**ASSIGNMENT**
Once you find the line below that has "This is a cute", output it and every line after it exactly, stopping after the line that has "To actually synthesize", with no pictures.
═══ ENTRIES SHOWN
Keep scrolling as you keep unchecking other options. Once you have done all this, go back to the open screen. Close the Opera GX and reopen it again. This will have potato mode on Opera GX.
══════
═══ ENTRIES SHOWN
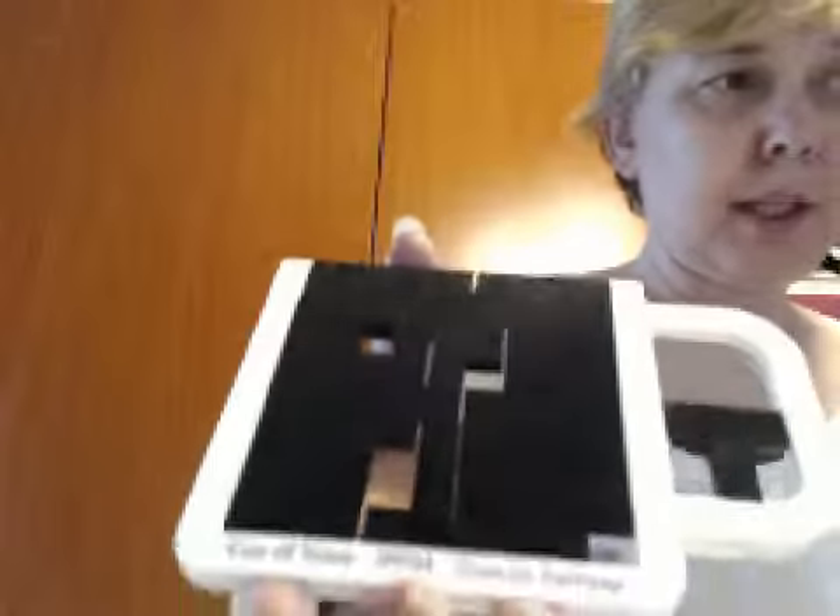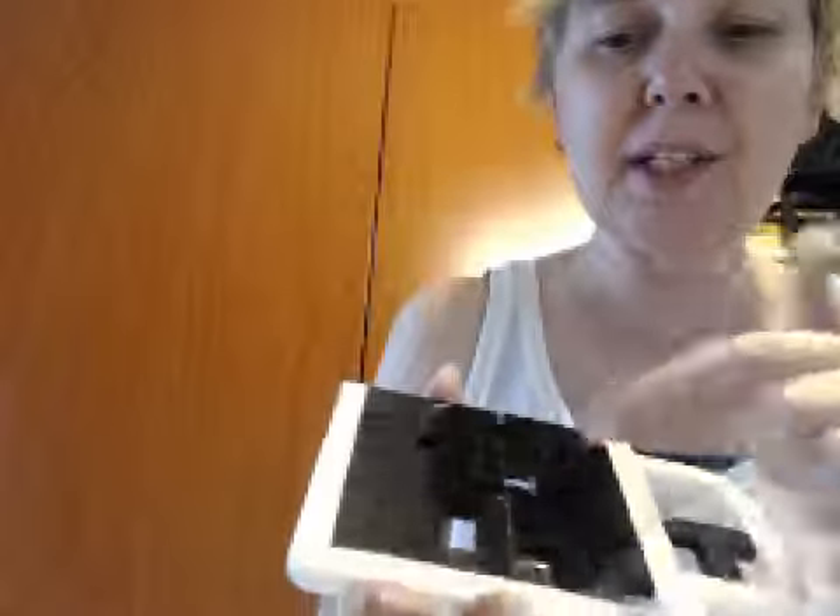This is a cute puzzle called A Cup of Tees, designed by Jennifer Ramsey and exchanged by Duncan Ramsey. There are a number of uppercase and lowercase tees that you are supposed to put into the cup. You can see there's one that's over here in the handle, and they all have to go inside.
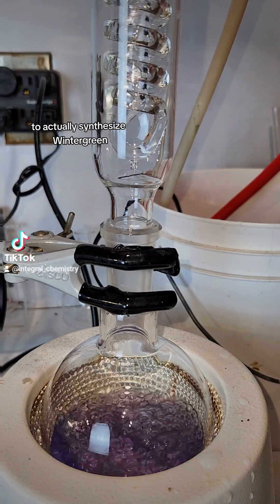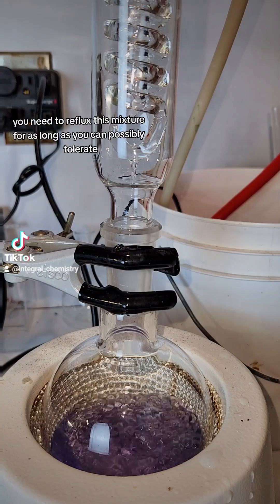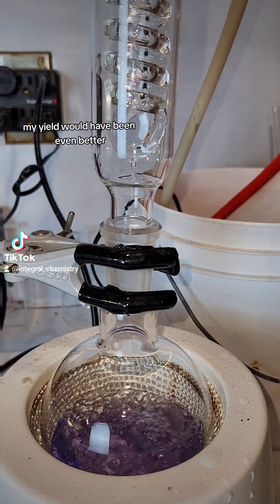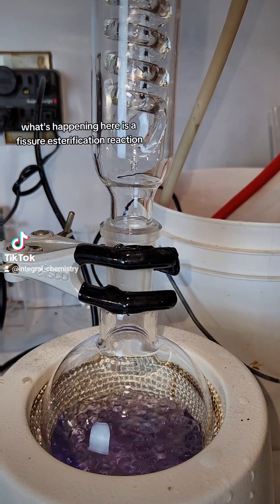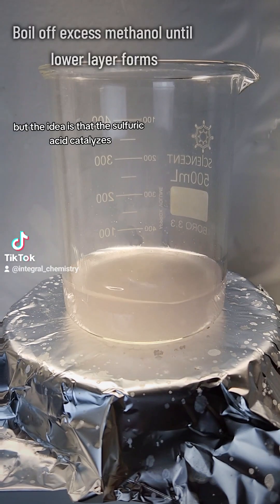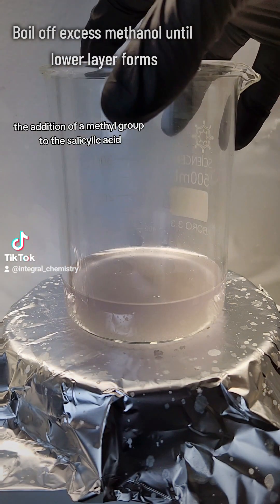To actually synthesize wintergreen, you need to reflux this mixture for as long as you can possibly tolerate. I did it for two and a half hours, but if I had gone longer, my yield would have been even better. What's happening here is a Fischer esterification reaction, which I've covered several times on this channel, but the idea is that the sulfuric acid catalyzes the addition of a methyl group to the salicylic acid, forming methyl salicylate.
══════
**ANSWER SPACE**
This is a cute puzzle called A Cup of Tees, designed by Jennifer Ramsey and exchanged by Duncan Ramsey. There are a number of uppercase and lowercase tees that you are supposed to put into the cup. You can see there's one that's over here in the handle, and they all have to go inside.
To actually synthesize wintergreen, you need to reflux this mixture for as long as you can possibly tolerate. I did it for two and a half hours, but if I had gone longer, my yield would have been even better. What's happening here is a Fischer esterification reaction, which I've covered several times on this channel, but the idea is that the sulfuric acid catalyzes the addition of a methyl group to the salicylic acid, forming methyl salicylate.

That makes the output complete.